* Task description:
Nothing but the text should be carried over: reproduce all the data exactly and leave out every image.

* Data section:
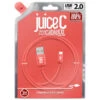 B&M Juice C Charge & Sync Cable XXL - Coral -Energizer Shop 383409 juice usb type c cable red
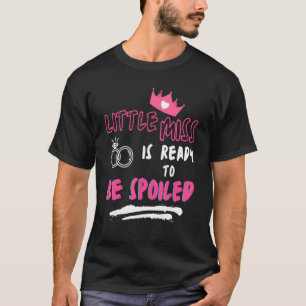 Camiseta La Pequeña Señorita Está Lista Para Ser Sarcástica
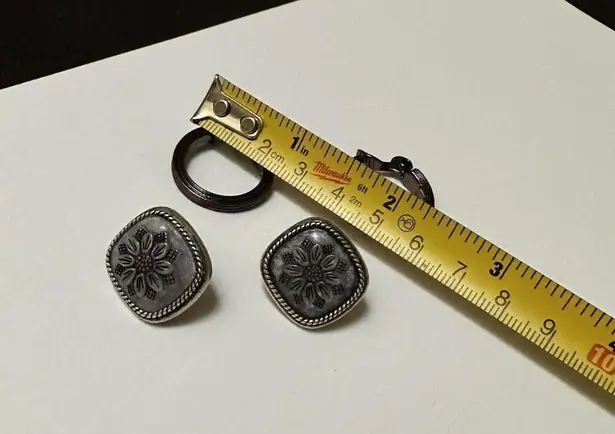 Monet Lot Of 2 Signed Purple Clip On Earrings Signed And Napier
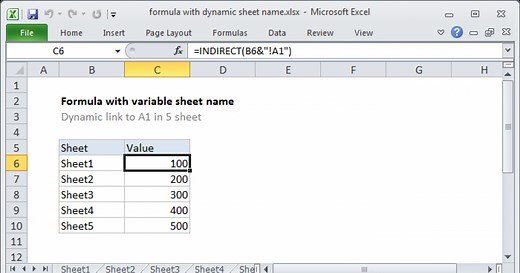 Dynamic worksheet reference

* Task result:
 B&M Juice C Charge & Sync Cable XXL - Coral -Energizer Shop 383409 juice usb type c cable red
 Camiseta La Pequeña Señorita Está Lista Para Ser Sarcástica
 Monet Lot Of 2 Signed Purple Clip On Earrings Signed And Napier
 Dynamic worksheet reference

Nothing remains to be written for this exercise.